Now, if you’re anything like me then you’ve got GA installed on your site and have compared the data it produces with the data thrown up by your web server’s stats (something called AWStats, in my case). More often than not, the figures don’t seem to agree – in fact, generally I’d say that GA reports substantially fewer visits than the server stats show.
Why should that be? The answer is that GA relies on a technique called page tagging, whereas logfile analysis depends on the data generated by your server as it records each individual file it serves. Let’s find out what that means in practice.
For one thing, it means that views of cached pages are recorded. If a page is cached by the user’s own browser or by the user’s ISP for future use, a subsequent visit to that page won’t be recorded in the website server’s logfiles – because the files have been retrieved from the cache and not from the server. So a substantial number of revisits to a site may be missed in stats generated from logfiles.

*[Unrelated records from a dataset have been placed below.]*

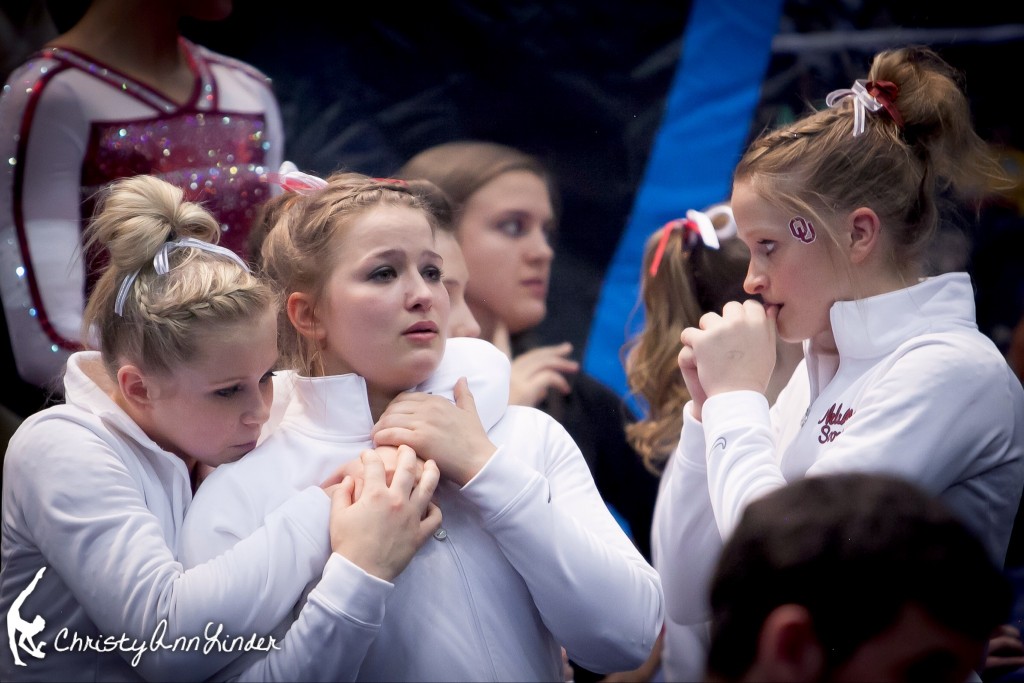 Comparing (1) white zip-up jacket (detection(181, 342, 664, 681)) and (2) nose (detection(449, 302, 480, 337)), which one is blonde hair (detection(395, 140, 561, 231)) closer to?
(2) nose (detection(449, 302, 480, 337))

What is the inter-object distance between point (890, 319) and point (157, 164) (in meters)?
1.00

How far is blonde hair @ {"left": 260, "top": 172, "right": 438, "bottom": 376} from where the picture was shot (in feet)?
3.74

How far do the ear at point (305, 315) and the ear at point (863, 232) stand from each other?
24.7 inches

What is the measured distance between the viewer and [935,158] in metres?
1.20

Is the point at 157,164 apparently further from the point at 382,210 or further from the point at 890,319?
the point at 890,319

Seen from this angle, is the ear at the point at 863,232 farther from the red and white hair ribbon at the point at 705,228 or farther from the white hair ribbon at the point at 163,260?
the white hair ribbon at the point at 163,260

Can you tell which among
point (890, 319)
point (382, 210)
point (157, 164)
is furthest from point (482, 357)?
point (157, 164)

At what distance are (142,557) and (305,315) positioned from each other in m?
0.32

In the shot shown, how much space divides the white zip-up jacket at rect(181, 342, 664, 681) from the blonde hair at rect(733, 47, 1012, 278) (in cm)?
46

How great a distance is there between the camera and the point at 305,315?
1158 millimetres

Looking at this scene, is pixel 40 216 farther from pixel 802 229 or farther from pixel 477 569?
pixel 802 229

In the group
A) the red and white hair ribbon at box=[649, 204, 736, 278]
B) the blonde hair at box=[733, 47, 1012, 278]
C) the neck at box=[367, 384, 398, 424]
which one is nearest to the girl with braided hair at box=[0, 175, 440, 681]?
the neck at box=[367, 384, 398, 424]

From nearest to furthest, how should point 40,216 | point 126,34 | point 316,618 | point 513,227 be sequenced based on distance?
point 316,618 < point 40,216 < point 126,34 < point 513,227

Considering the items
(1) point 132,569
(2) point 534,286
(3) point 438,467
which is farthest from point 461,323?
(1) point 132,569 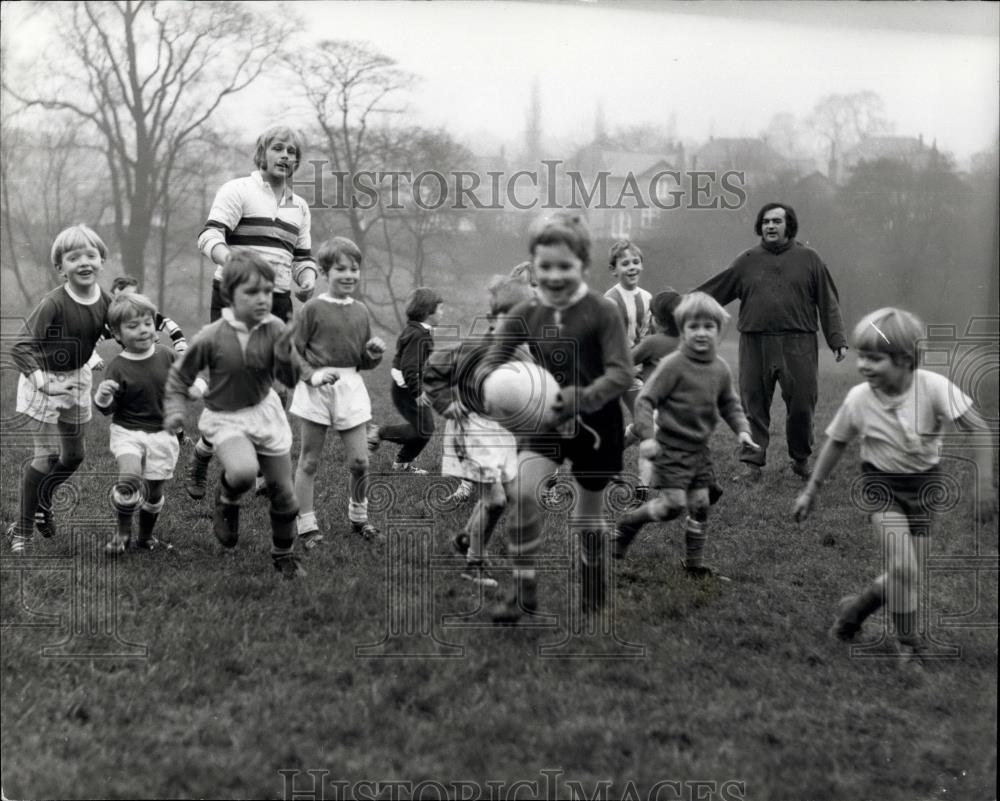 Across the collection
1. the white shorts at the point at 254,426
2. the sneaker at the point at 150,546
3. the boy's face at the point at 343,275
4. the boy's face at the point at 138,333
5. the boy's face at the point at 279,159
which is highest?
the boy's face at the point at 279,159

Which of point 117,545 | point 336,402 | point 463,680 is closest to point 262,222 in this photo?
point 336,402

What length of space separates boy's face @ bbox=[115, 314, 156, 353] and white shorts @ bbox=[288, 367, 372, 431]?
0.79 meters

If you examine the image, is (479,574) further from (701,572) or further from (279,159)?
(279,159)

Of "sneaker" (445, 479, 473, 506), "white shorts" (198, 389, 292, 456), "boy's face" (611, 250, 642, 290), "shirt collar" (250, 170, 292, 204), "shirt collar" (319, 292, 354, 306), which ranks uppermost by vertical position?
"shirt collar" (250, 170, 292, 204)

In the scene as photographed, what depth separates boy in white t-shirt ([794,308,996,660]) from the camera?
3.45m

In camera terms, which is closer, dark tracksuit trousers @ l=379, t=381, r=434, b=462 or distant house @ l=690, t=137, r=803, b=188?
dark tracksuit trousers @ l=379, t=381, r=434, b=462

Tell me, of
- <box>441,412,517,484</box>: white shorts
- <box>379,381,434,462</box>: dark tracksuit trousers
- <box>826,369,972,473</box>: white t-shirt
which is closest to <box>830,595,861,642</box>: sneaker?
<box>826,369,972,473</box>: white t-shirt

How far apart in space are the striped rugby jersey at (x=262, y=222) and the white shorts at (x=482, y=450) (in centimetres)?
139

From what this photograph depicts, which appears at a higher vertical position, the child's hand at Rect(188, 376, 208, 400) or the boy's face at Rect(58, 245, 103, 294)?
the boy's face at Rect(58, 245, 103, 294)

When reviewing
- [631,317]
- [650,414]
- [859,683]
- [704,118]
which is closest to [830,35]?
[704,118]

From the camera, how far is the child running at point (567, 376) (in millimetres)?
3541

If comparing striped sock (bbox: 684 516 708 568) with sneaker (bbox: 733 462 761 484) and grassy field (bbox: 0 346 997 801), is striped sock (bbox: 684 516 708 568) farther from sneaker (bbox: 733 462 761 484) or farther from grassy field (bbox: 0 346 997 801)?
sneaker (bbox: 733 462 761 484)

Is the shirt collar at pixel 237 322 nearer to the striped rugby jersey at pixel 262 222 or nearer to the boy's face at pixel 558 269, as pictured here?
the striped rugby jersey at pixel 262 222

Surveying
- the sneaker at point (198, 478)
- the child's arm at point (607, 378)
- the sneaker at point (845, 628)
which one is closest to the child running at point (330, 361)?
the sneaker at point (198, 478) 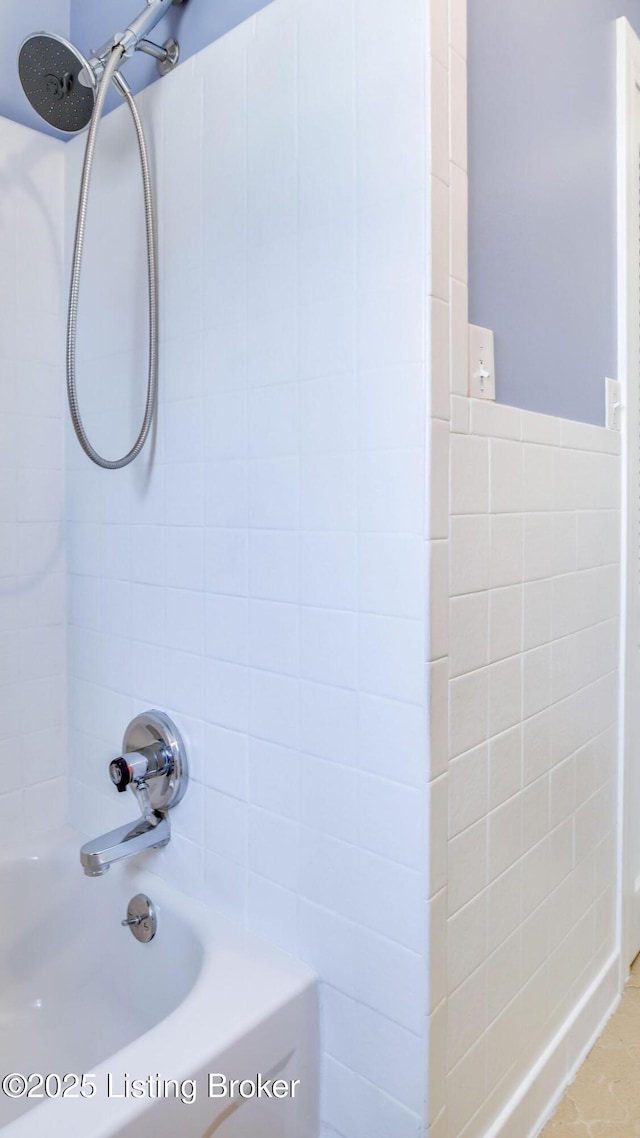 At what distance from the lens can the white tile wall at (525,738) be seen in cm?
100

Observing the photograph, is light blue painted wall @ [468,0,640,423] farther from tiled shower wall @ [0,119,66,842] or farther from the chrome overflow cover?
the chrome overflow cover

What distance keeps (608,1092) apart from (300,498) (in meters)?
1.23

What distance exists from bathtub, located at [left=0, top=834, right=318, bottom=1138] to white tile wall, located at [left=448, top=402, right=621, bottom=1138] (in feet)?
0.80

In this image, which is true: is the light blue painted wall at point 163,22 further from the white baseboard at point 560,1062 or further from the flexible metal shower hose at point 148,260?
the white baseboard at point 560,1062

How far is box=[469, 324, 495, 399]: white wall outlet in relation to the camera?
100 cm

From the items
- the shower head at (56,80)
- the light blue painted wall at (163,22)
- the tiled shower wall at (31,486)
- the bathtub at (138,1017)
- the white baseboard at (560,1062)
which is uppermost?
the light blue painted wall at (163,22)

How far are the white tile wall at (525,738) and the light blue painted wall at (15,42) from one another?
114cm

On the other hand, there are some users and visits that GA misses.
Which way does the cookie crumble?
One month on, it’s unclear how far users of websites have taken to blocking GA cookies as a result of all this publicity. It could be an insignificant number, or it could be tens of thousands. But inevitably the effect will be to depress GA visit figures – the only question is, by how much?
“Block ad” tackle
A longer-standing problem is the existence of browser plug-ins that remove advertising from web pages. Some of these plug-ins may block the GATC, whether automatically or as a configurable option.

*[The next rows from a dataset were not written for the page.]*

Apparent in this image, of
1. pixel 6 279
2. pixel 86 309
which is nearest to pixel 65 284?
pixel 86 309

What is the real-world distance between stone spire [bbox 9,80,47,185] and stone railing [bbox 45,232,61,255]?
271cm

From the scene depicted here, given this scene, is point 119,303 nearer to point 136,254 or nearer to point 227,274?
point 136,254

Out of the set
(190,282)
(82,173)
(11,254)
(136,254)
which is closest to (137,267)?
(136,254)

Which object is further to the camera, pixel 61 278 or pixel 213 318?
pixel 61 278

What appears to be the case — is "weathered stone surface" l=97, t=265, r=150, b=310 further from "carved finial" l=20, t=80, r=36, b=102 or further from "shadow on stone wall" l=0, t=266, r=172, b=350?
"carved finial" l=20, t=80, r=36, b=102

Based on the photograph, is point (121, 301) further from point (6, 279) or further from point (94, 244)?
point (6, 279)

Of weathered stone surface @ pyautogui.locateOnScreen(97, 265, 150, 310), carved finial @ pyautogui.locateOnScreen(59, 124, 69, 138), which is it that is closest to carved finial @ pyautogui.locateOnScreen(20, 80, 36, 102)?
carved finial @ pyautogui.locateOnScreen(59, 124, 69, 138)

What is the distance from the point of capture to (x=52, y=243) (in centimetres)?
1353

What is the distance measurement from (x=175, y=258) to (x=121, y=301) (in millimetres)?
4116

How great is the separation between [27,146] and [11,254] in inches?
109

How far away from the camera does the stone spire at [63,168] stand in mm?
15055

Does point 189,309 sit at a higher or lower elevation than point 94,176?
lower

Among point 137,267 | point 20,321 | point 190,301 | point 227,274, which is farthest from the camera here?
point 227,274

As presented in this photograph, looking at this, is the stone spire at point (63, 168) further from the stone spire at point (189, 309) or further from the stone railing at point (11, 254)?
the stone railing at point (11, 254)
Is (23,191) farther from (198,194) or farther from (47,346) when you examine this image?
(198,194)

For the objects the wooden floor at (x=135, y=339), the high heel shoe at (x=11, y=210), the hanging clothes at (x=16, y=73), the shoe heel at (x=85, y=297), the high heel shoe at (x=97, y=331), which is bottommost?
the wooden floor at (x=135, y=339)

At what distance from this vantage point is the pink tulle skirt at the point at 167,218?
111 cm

OK, so we’ve had a look at the human visitors and how GA records them (or doesn’t, in some cases). But what about the logfiles? Are there any peculiarities that affect their figures?

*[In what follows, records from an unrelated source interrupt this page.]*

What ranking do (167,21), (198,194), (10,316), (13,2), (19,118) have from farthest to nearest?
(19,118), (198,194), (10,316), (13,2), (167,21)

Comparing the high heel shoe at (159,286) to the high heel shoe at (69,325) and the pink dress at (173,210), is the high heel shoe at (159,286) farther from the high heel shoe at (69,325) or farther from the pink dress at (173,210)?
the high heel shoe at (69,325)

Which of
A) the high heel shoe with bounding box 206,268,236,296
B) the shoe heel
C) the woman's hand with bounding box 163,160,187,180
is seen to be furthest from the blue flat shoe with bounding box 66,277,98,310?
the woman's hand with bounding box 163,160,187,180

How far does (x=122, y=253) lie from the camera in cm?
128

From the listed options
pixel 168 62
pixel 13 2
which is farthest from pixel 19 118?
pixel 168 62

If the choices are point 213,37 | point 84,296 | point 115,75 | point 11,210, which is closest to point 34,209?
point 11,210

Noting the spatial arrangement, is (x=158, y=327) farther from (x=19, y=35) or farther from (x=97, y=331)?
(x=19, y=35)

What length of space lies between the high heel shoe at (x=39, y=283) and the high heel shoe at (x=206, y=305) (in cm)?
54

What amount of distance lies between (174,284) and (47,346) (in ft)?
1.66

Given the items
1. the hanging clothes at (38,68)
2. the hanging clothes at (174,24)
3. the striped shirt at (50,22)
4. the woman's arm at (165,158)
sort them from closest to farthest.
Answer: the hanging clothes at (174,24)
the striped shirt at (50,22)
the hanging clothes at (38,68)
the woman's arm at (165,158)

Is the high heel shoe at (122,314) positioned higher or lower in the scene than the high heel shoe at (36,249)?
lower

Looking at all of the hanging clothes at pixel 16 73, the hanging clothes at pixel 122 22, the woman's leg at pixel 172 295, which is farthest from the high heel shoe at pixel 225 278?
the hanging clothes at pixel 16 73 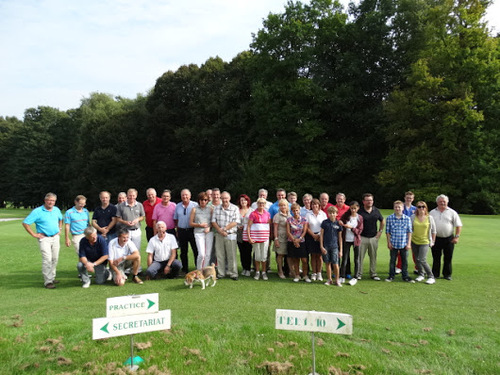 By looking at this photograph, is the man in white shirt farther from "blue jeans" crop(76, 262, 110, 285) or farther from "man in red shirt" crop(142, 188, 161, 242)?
"blue jeans" crop(76, 262, 110, 285)

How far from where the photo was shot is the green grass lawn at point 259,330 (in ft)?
12.8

Where logfile analysis wins hands-down is on non-human visitors – the search engine spiders, or “bots”.
The other big advantage that server logfiles have is that the data they record don’t have to travel to a remote location; they’re recorded there and then. With GA and other page-tagging stats analysis tools, the data must be sent from the users’ browser to the tool’s own servers, and thus have to negotiate the Internet before being recorded. If there are any problems along the way, then the data may be delayed or even lost.
Don’t sweat the small stuff
Ultimately, though, it’s probably not worth fretting about the discrepancies between page tags and logfiles. As Kay’s said before, avoid paralysis by analysis – it’s the overall trends that are likely to give you the most worthwhile information, not the individual visitors’ actions.